===== GIVEN MATERIAL =====

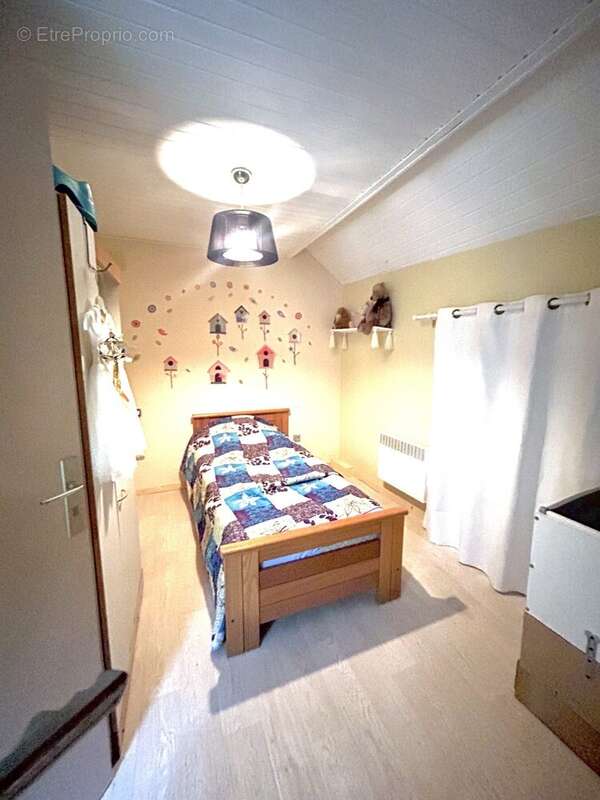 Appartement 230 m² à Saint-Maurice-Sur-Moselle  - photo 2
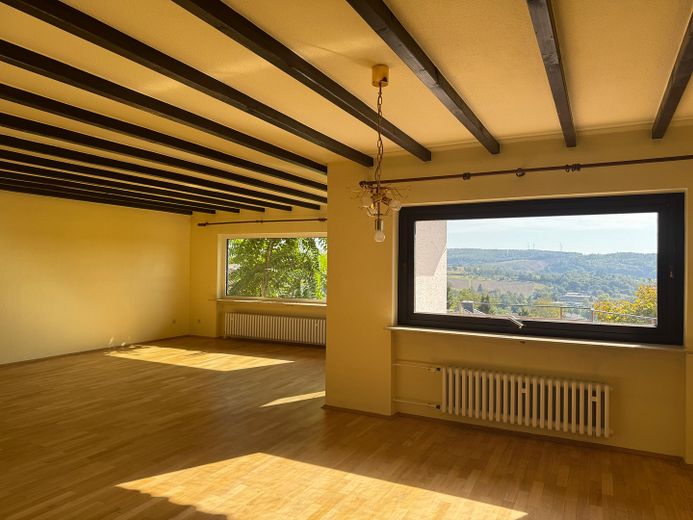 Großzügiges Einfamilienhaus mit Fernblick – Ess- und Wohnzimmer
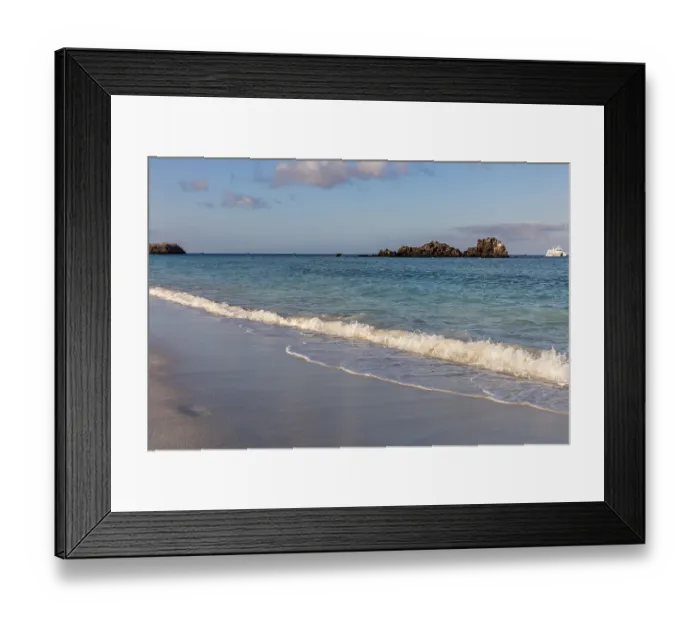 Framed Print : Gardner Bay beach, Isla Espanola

=====

DIRECTIONS
Every line of the listing should be repeated exactly; no picture should appear.

RESULT OF THIS TASK
 Appartement 230 m² à Saint-Maurice-Sur-Moselle  - photo 2
 Großzügiges Einfamilienhaus mit Fernblick – Ess- und Wohnzimmer
 Framed Print : Gardner Bay beach, Isla Espanola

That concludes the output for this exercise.